**DATA SHOWN:**
● ● ●

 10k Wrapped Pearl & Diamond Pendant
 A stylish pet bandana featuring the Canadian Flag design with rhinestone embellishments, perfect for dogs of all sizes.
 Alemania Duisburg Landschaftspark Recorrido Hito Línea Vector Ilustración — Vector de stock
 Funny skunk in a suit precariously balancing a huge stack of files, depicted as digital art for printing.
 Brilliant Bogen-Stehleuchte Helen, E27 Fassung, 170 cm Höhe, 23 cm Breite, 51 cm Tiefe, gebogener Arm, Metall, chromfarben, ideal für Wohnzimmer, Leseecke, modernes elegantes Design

● ● ●

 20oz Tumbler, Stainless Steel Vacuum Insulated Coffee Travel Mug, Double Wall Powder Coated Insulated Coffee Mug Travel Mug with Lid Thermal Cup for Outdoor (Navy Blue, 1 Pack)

● ● ●

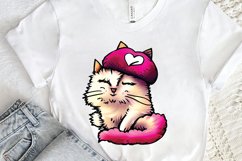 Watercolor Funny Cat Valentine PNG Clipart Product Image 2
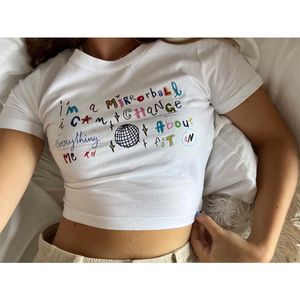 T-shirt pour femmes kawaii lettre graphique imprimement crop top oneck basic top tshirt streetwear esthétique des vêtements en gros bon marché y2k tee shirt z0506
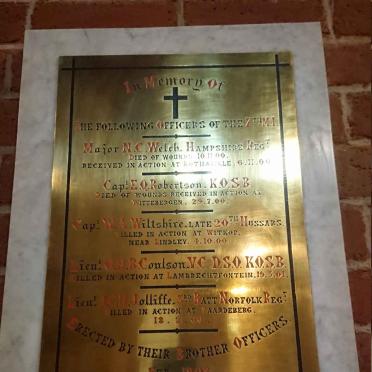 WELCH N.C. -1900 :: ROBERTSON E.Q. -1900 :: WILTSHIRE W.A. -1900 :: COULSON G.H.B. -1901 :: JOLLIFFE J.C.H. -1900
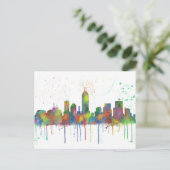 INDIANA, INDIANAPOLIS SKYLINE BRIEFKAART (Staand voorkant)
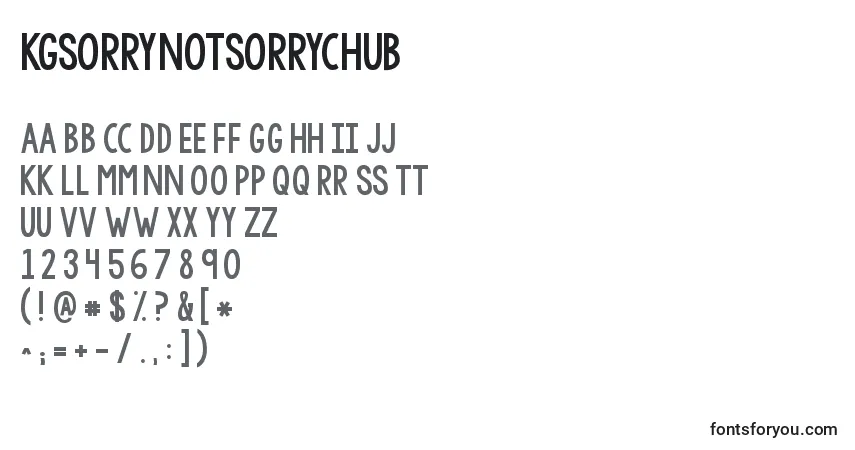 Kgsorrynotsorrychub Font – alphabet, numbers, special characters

● ● ●

**PROBLEM DETAILS:**
Quote the listing above, but only from the line that shows "10k Wrapped Pearl & Diamond Pendant" through the line that shows "Alemania Duisburg Landschaftspark".

**REPLY TO THE TASK:**
 10k Wrapped Pearl & Diamond Pendant
 A stylish pet bandana featuring the Canadian Flag design with rhinestone embellishments, perfect for dogs of all sizes.
 Alemania Duisburg Landschaftspark Recorrido Hito Línea Vector Ilustración — Vector de stock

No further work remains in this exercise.